Data below:
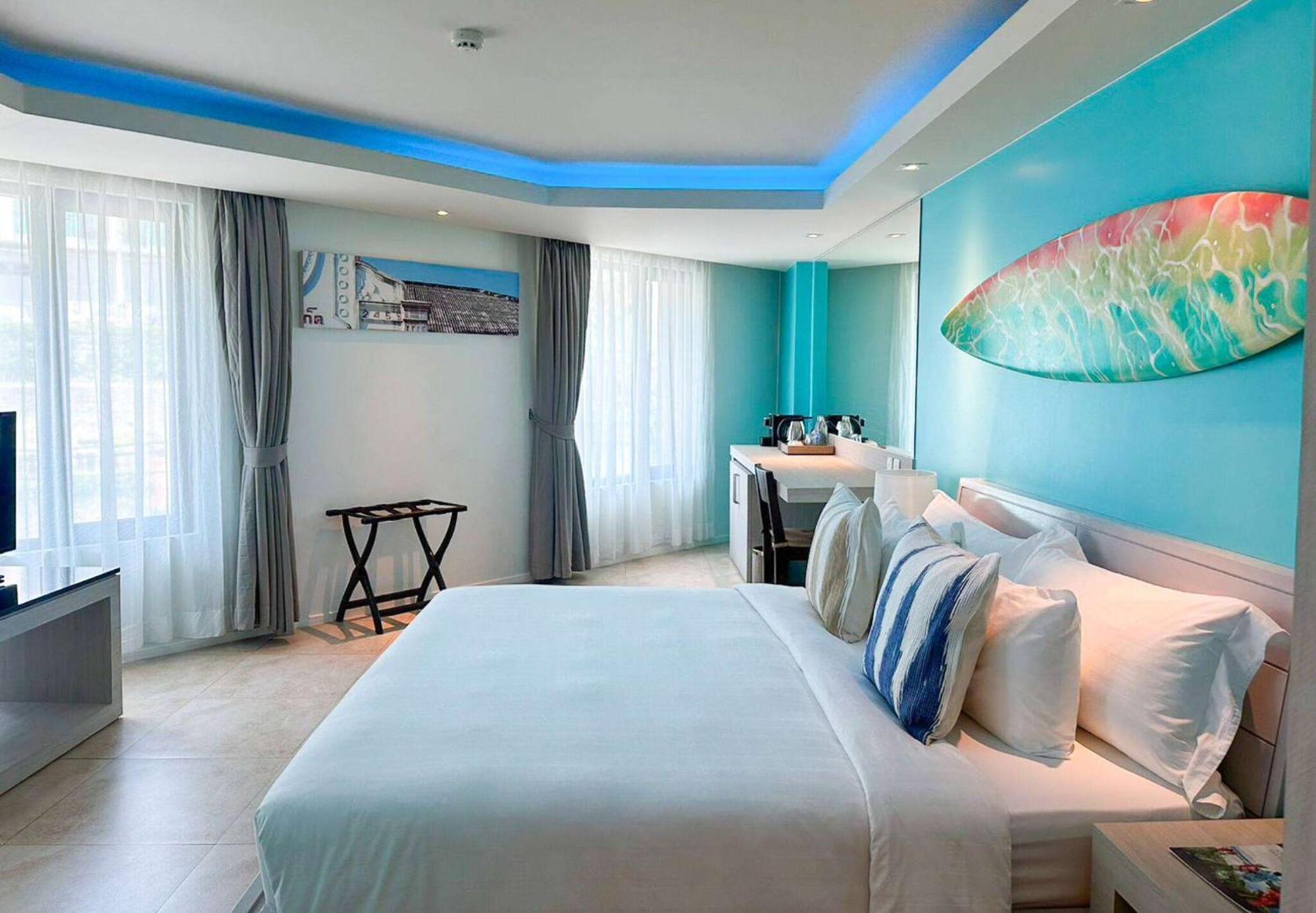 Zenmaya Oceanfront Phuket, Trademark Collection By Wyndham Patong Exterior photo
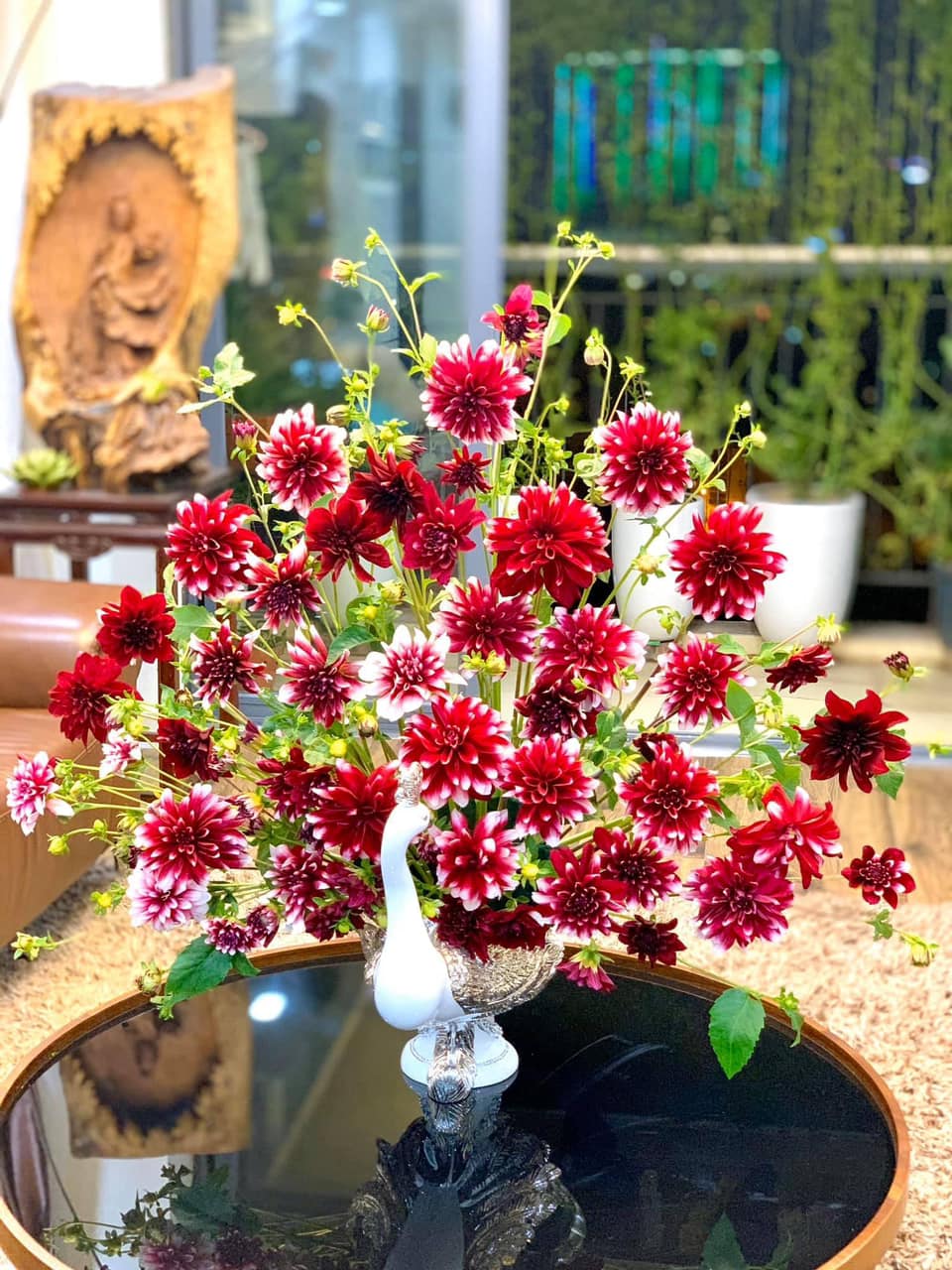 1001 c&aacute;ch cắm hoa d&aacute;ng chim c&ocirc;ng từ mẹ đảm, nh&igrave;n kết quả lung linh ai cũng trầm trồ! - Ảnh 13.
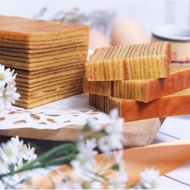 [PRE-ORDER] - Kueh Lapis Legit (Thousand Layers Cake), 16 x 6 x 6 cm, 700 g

Task details: Give back exactly the lines from the one that contains "1001 c&aacute;ch cắm" to the final line of the data above, both included, with all pictures removed.

Written solution:
 1001 c&aacute;ch cắm hoa d&aacute;ng chim c&ocirc;ng từ mẹ đảm, nh&igrave;n kết quả lung linh ai cũng trầm trồ! - Ảnh 13.
 [PRE-ORDER] - Kueh Lapis Legit (Thousand Layers Cake), 16 x 6 x 6 cm, 700 g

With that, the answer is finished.